> [WHAT YOU SHOULD DO]
Give the listing again character for character, but drop the images.

> [DATA PROVIDED]
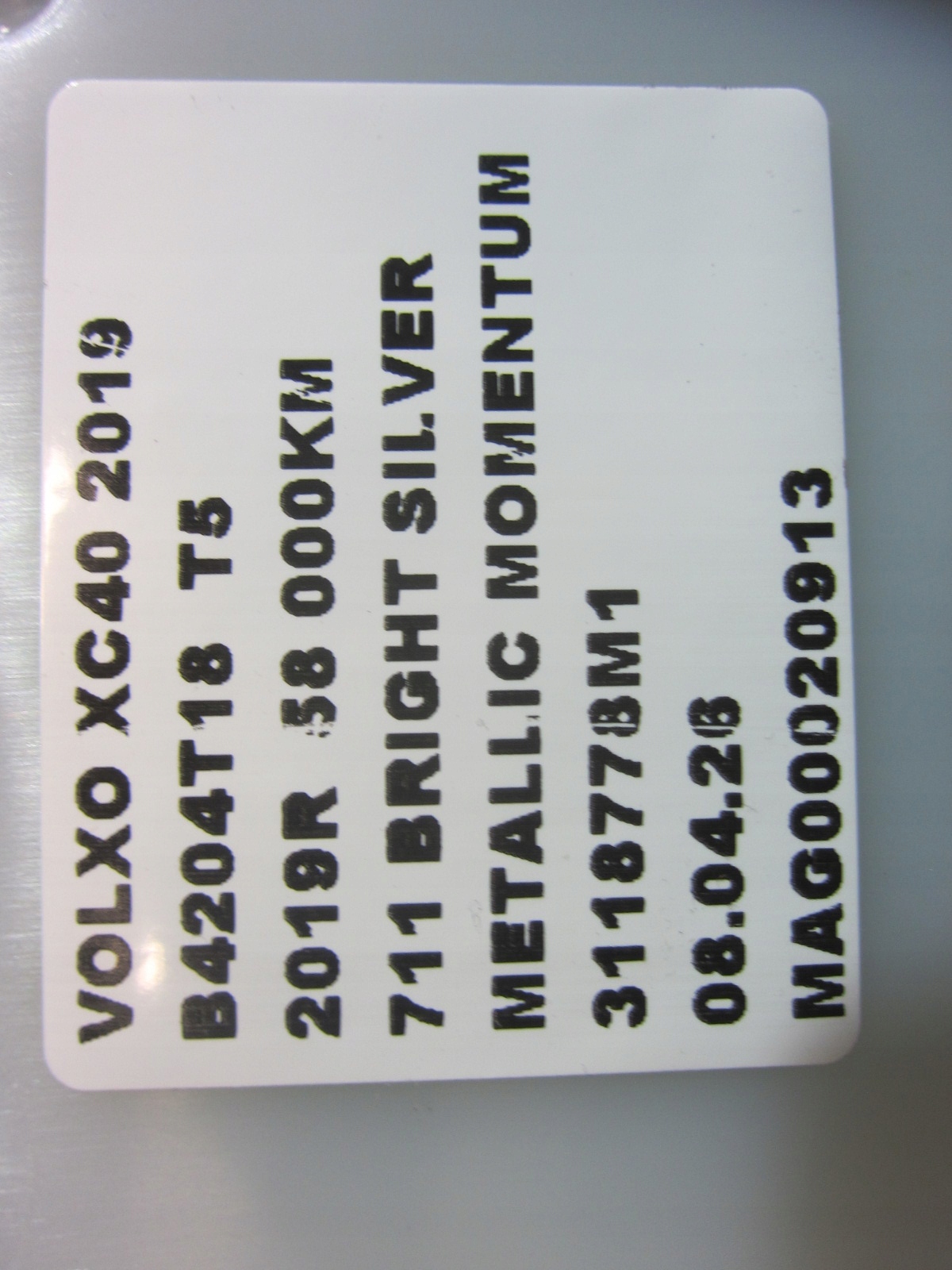 VOLVO XC40 XC 40 CEM module BSI control unit compartment of fuses 31453185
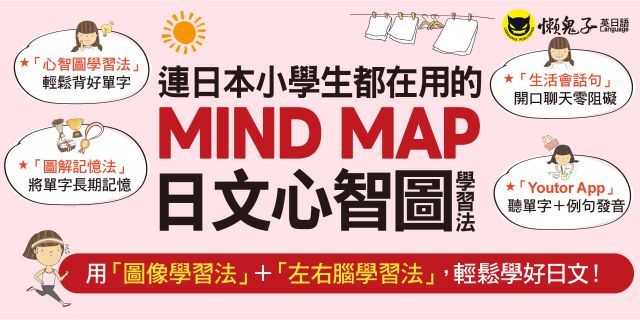 連日本小學生都在用的MIND MAP日文心智圖學習法(附「Youtor App」內含VRP虛擬點讀筆)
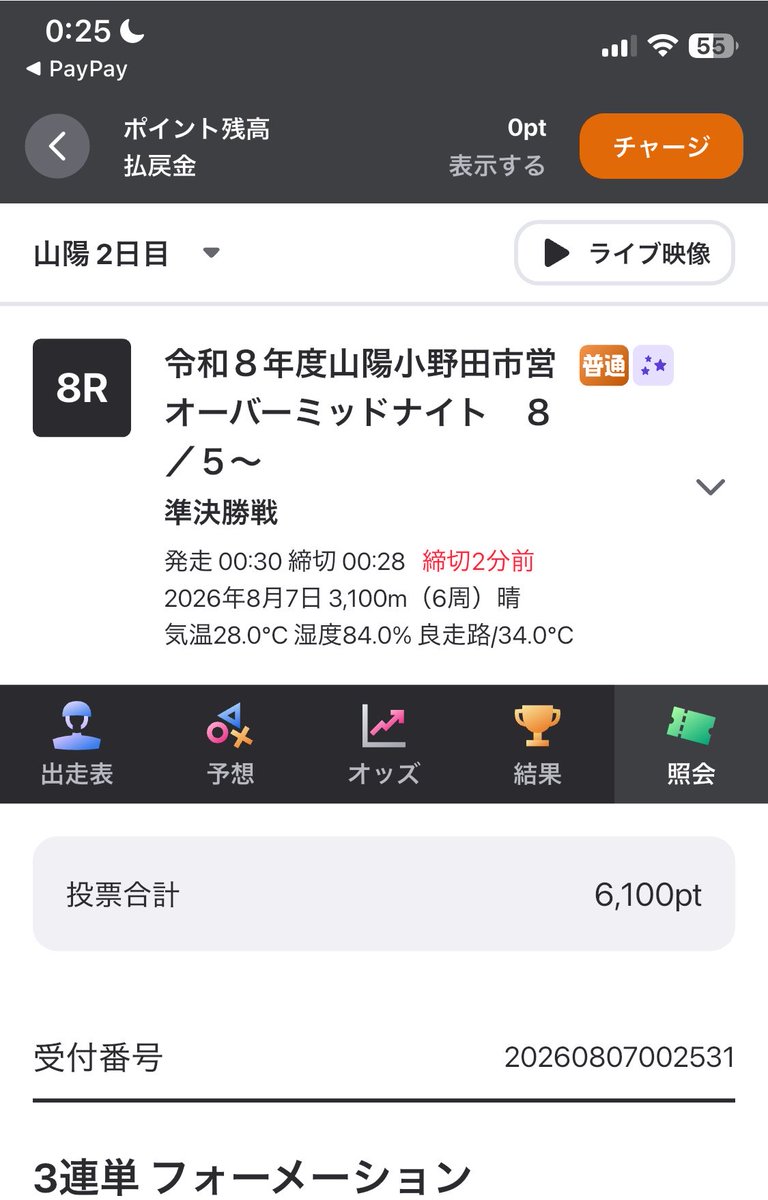 dfsaituyo's tweet photo. また全ツ https://t.co/YYrAb0TR4C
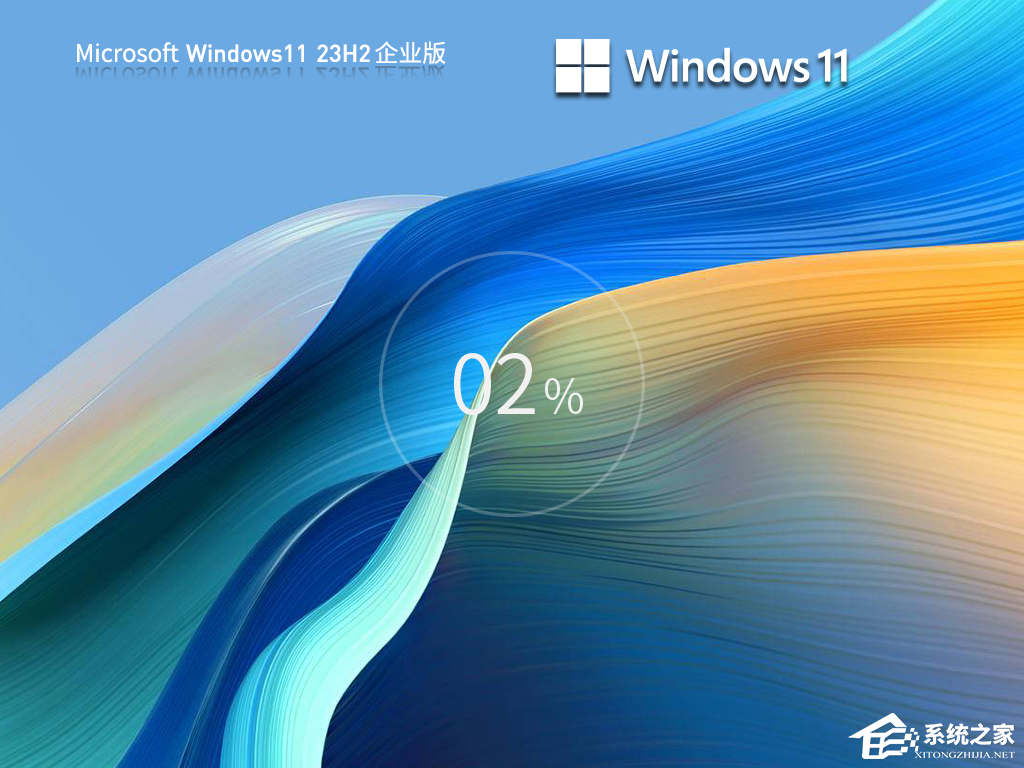 Windows11 64位企业版系统下载推荐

> [ANSWER FOR THE TASK]
 VOLVO XC40 XC 40 CEM module BSI control unit compartment of fuses 31453185
 連日本小學生都在用的MIND MAP日文心智圖學習法(附「Youtor App」內含VRP虛擬點讀筆)
 dfsaituyo's tweet photo. また全ツ https://t.co/YYrAb0TR4C
 Windows11 64位企业版系统下载推荐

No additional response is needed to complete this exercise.